Davide Oldani sta camminando avanti e indietro, impegnato in una conversazione telefonica. A gesti si scusa e fa segno di aspettare. Arriva un camion da cui il suo staff inizia a scaricare enormi scatoloni, e lui senza staccare l'auricolare si mette ad aiutarli, apre ogni pacco, lo controlla.
Siamo a San Pietro all'Olmo, frazione di Cornaredo a pochi chilometri dal centro di Milano. È qui che, da un mese, Oldani ha aperto il "nuovo" D'O, a pochi passi dalla storica sede del ristorante inaugurata nel 2003. Un progetto curato da Pietro Lissoni ma pensato in ogni dettaglio dallo chef, che si è anche occupato di restaurare la piazza su cui si affaccia il ristorante.
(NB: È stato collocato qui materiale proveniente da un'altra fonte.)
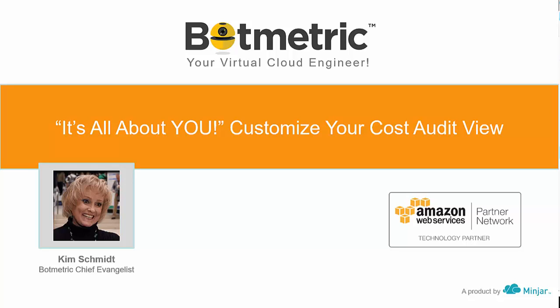Hi, this is Kim Schmidt, Chief Evangelist at Botmetric, and today I have another intelligent time-saving tip for you on AWS, customizing your cost audit view.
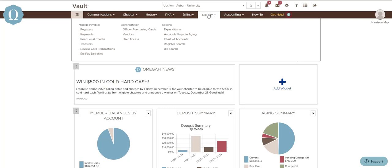Do you need to pay a vendor for an event or your headquarters for new member pins? All that and more is done within BillPay.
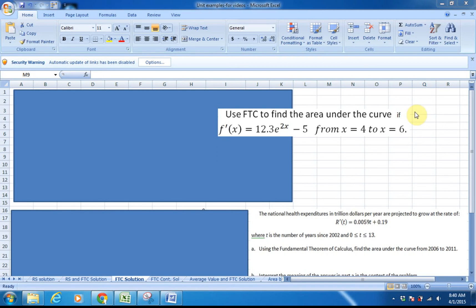With the Fundamental Theorem of Calculus, there are basically just a couple of steps. The very first thing you do is, if I give you the rate — f prime of x is a rate, it's a derivative — you want to find the anti-derivative. That's different from Riemann sums. Riemann sums uses the function as it stands. The Fundamental Theorem of Calculus says to anti-differentiate the rate that you're given.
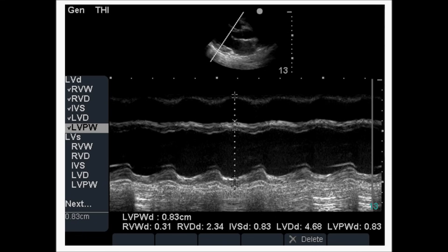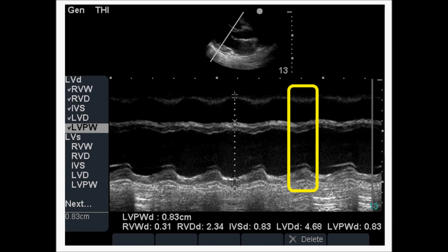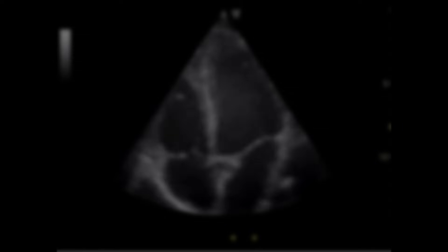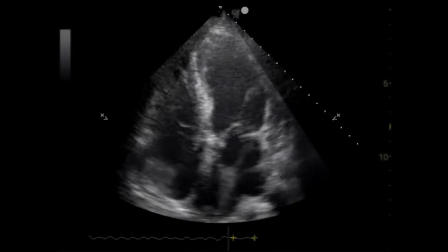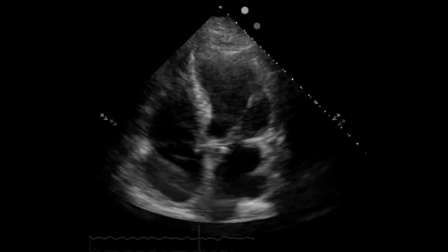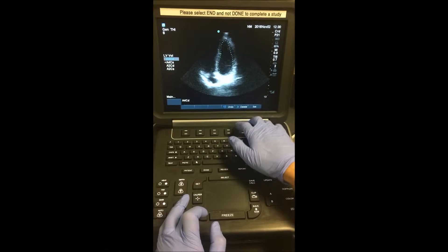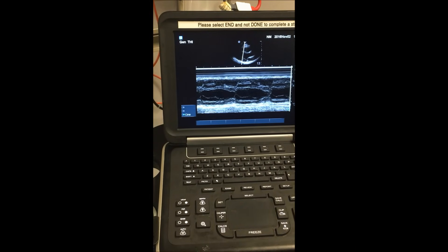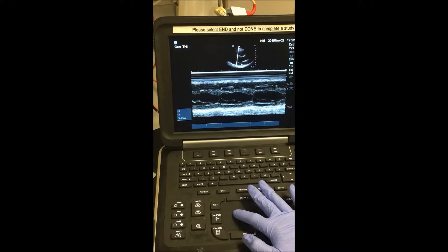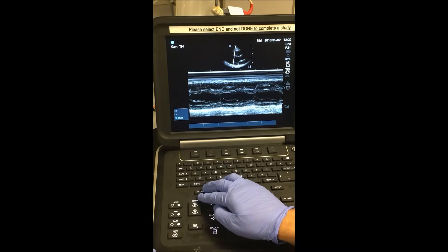By measuring these segments with the calipers, the machine will generate a calculated EF. We select CALC, then select LV for the left ventricle, hit SELECT, and begin using the calipers to measure each segment individually. The diastolic measurements are entered first, and then we find an area of systole and obtain those measurements, which generates the estimated EF. We have now discussed three methods of obtaining ejection fraction during point-of-care echocardiography: visual assessment, the Simpson method, and the M-mode method. With time and practice, accuracy will build and these can become a valuable part of your clinical repertoire.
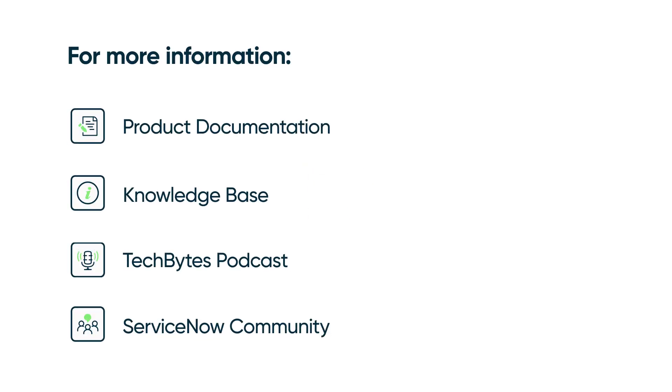For more information, see our product documentation, knowledge base, or podcast. Or ask a question in the ServiceNow Community.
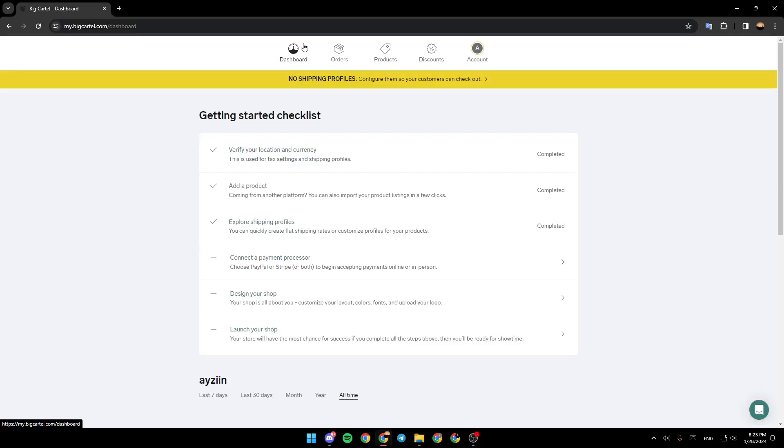Hello everyone, and welcome back to a new video. In this video, I'm going to show you how to add MailChimp to BigCartel. So if you want to learn how to do it, just follow the steps that I'm going to show you.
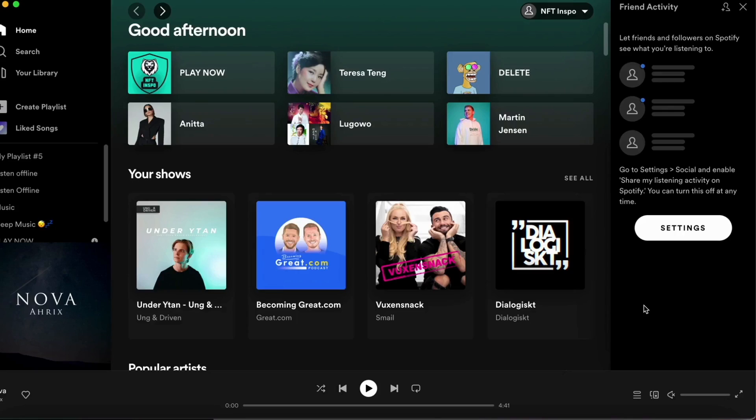Make sure that you watch this until the very end so that you don't make any mistakes in this process. What I'm going to do first is to head into the Spotify application on my computer.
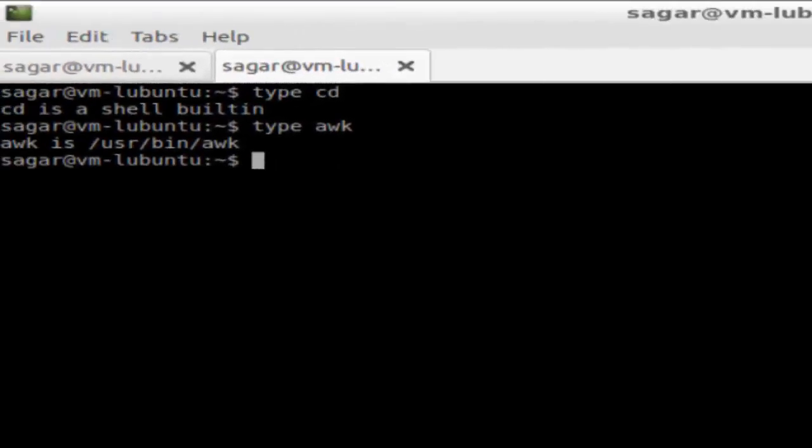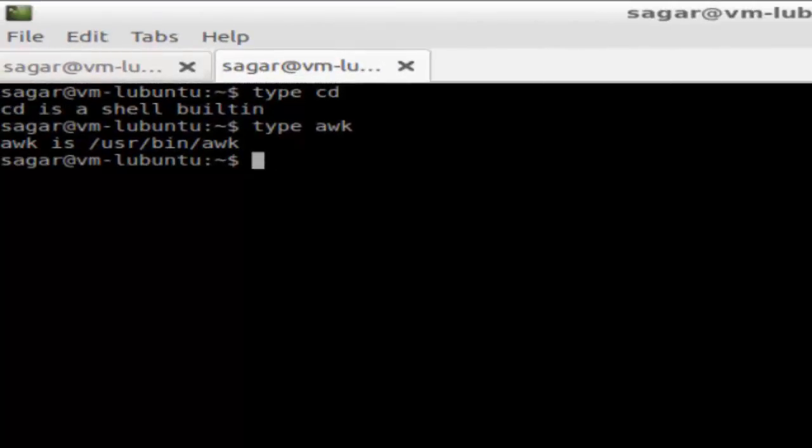Hi there, in this video I'm going to explain what is the difference between internal command and external command in Linux. So if you want to find out if a particular command is internal or external, just use this command for that.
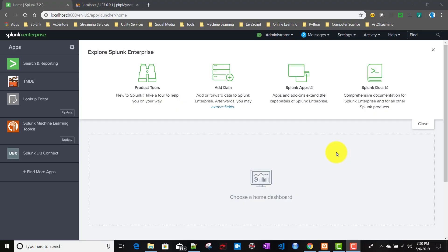In this video we'll talk about Splunk DB Connect output feature. If you remember from my previous video, we talked about the DB Connect input feature, where we basically imported data from a database to Splunk. Now in Splunk DB Connect output, we basically export the data from Splunk to a database.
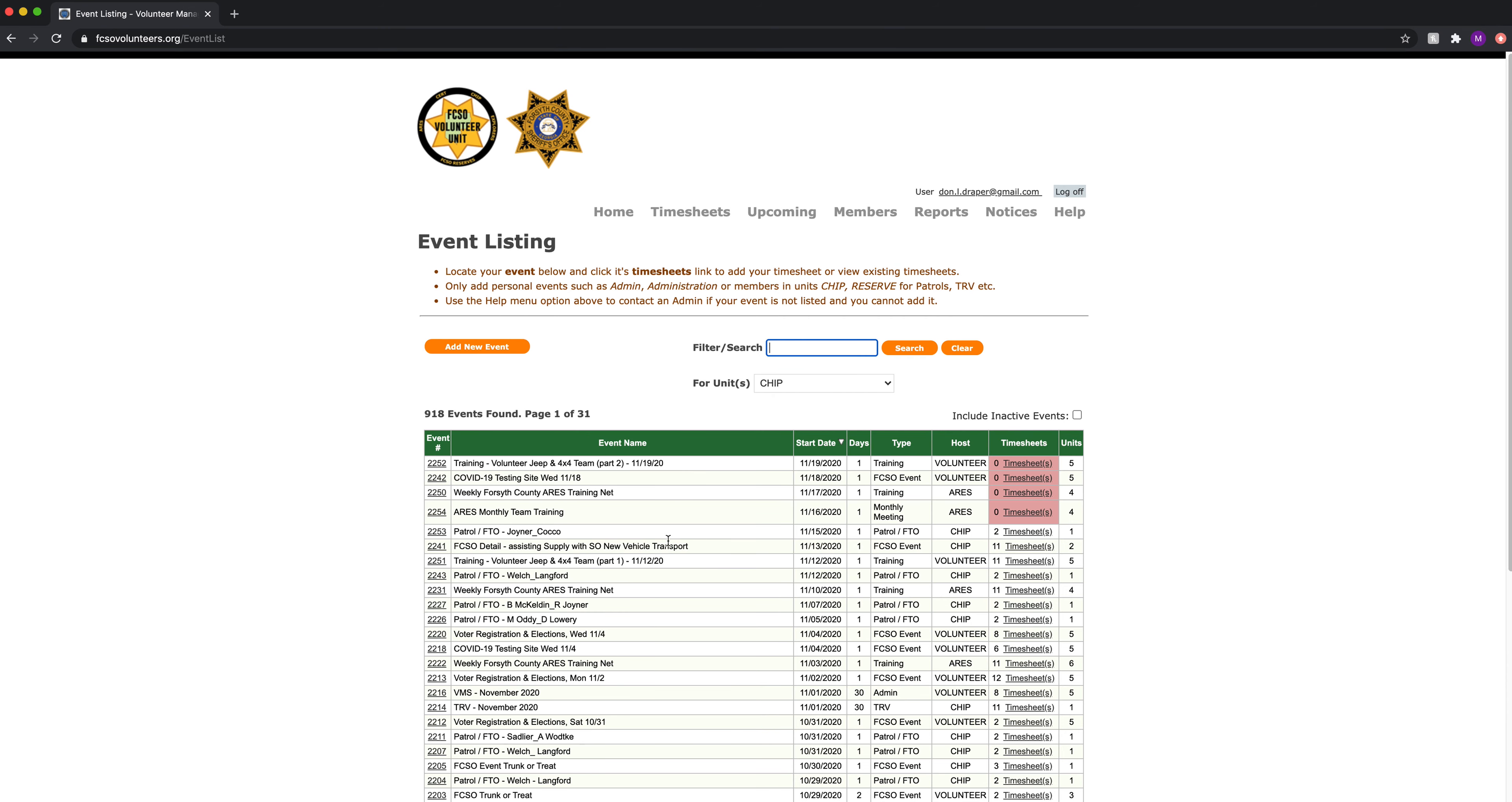That is how to enter a CHIP patrol event and timesheet.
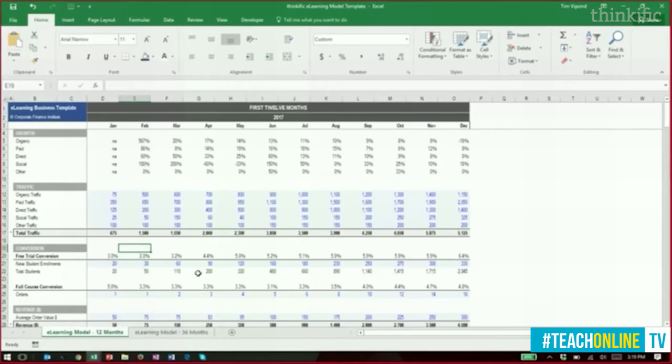Tyler asks what tool Tim uses to grab his numbers. Tim says Google Analytics — you can get traffic from all channels through it. Google Analytics is their go-to recommendation for most course creators, though Tyler is open to hearing about anything more robust or detailed.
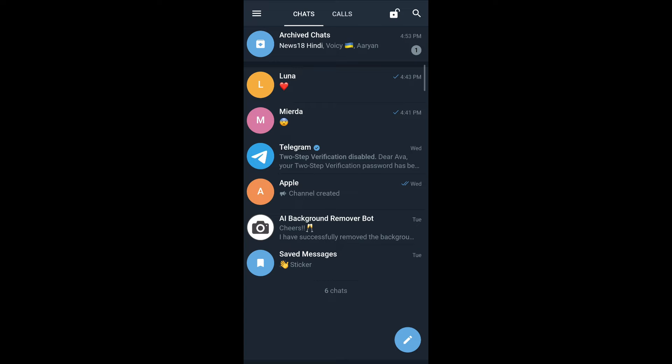If you want to cancel the secret chat, then on the top right corner, you can see the three dotted icon. You tap on it and then tap on delete chat. Confirm that you want to cancel the secret chat and then your secret chat will be canceled.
"Ne volevo fare un simbolo d'Italia: la casa che entra nella piazza e la piazza che entra nella casa" spiega Oldani mentre ci sediamo al nuovo chef's table, sulle (comodissime) sedie Riva 1920 create all'altezza giusta per favorire la digestione, e dotate di un portacellulare. Belle e funzionali come tutto quello che ci circonda, pensato nel minimo millimetrico dettaglio: "Ogni spazio è un luogo della casa: questo è il tinello, poi ci sono la veranda, il salotto, lo studio".
Cosa l'ha spinta a un cambiamento simile, dopo 12 anni?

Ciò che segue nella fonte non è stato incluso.